中島通善さんの版木画                        
                                            魚津章夫



  生前の世界的銅版画の巨匠長谷川潔さんがパリのアトリエで、私に次のようにお話をなさったことを記憶している。「日本における最近の版画について、時折、送られてくる雑誌や書籍から拝見することもありますが、いずれもアメリカの影響が強いものであったり、ポスターや壁紙のようなもので、真の版画を追求しているようには思えません。日本の創作版画(自画・自刻・自刷)は今から反省してみると、最大の欠点は技術が稚拙で、あの浮世絵の高度に洗練された職人の技術を捨てるべきではなかったとくやまれます。優れた版画を作るためには刷りの仕事だけでも一生賭けて習得しなければならないほど時間と労力が必要なものなのです。ひとつの版画の作品が成功するかしないかはすべて最後の刷りかかっています。8割かたこの刷りの良し、悪しが決定づけるのです」。

 
20年程前に中島通善さんと出会い、すばらしい木版画の作品を見せていただいた時に、一瞬、この長谷川潔さんの言葉が思い浮かんだ。もちろん長谷川さんとは絵の内容については次元の異なる別世界の仕事ではあるが、版画に対する取り組み方や価値観については共通するあるものを感じたのである。

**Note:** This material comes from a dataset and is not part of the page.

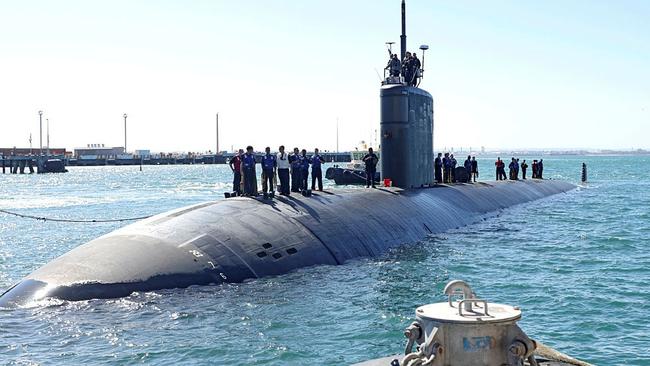 Los Angeles-class submarine USS Annapolis is a nuclear-powered, conventionally-armed submarine that recently visisted HMAS Stirling. Picture: ADF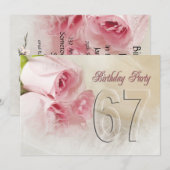 Verjaardagsfeest voor 67 jaar kaart (Voorkant / Achterkant)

 中島さんは『木版画三十年』という文章の中で次のように記している。すこし長くなるが、中島さんの仕事の核心にあたるので紹介させていただく。
 「私は色刷り木版画こそ版画とよぶのだが、版画の魅力は、版木、和紙、顔料、刀、バレンのあんばいで醸し出される。肉筆画にない力と生きた風合いにある。版画が何枚も摺れるということは二義的なことで、最大の魅力は版を摺らなければでない色調と形の面白さにあるのは知られない。この摺りこそ生きもので、年が経つほど深みのある不思議な色調に変わっていくのが憎いところ、結局、版画は摺りで決まってしまう。摺りを極めることは、紙、色調、彫り、木を知ることであり、水や気候にも関係して、最後は自分の生活を知ることに還ってくる。摺りというものは、想像以上の神経の集中と体力を必要とし、体調や精神状態でまったく変わる。まだ何も彫っていない平版を摺って板より美しく上げなければ駄目で、それが水面か地面か空中か、色面だけで摺り分けして季節の風や音や香りまで出せなければ満足いかず、いい摺りは1日1枚がやっとということになる」。
  この文面には中島さんの仕事の苦心と体験の実感が滲み出ている。ご自分の木版画の作品のことを特別な名称をつけて「版木画」と称されている由来はここからきている。
 冒頭の長谷川潔さんの刷りの仕事一つでも一生かかるのだと言われているように、きわめて困難な仕事を中島通善さんは摺りばかりではなく、彫りにおいても浮世絵の職人に負けない技術を達成している。また描画においても見事な描写力である。つまり、絵を描くこと、彫ること、摺ること、これらひとつの事でも画家や浮世絵職人が一生かかってもむつかしい技術を一人だけで最高度に熟達している。これは驚くべき偉業であるといわなければならない。血を吐くような格闘から生まれた画面を見ると、そのような努力の痕跡を感じさせないで、いとも簡単に出来上がっているようにも見える。薄っぺらなアイデアの提示ではなく、高鞜的な気取りもなく、難解なこけおどしやまやかしや煙幕を張ることもない。どの絵もなにげない日常生活の一駒であり、懐かしい風情であり、季節の移り変わる美しい日本の風景である。美術専門家や版画愛好家ばかりではなく、どんな人でも、おじいちゃんやおばあちゃんでも、味わい深い美しさに感動して拍手を送るだろう。大衆の目を畏れよ。普遍的な美とはだれにでもわかりやすいものでなければならない。
 日本の誇るべき江戸時代の浮世絵木版画の高度に洗練された技術と近代の創作版画の造形性と現代感覚を統合して、それらを凌ぐ仕事としてこれからますます国際的にも注目されることはまちがいないと思う。中島通善さんの45年に及ぶ画業の集大成とも言うべき重要なこの展覧会を当美術館で開催できる機会をもてたことに深く感謝する次第である。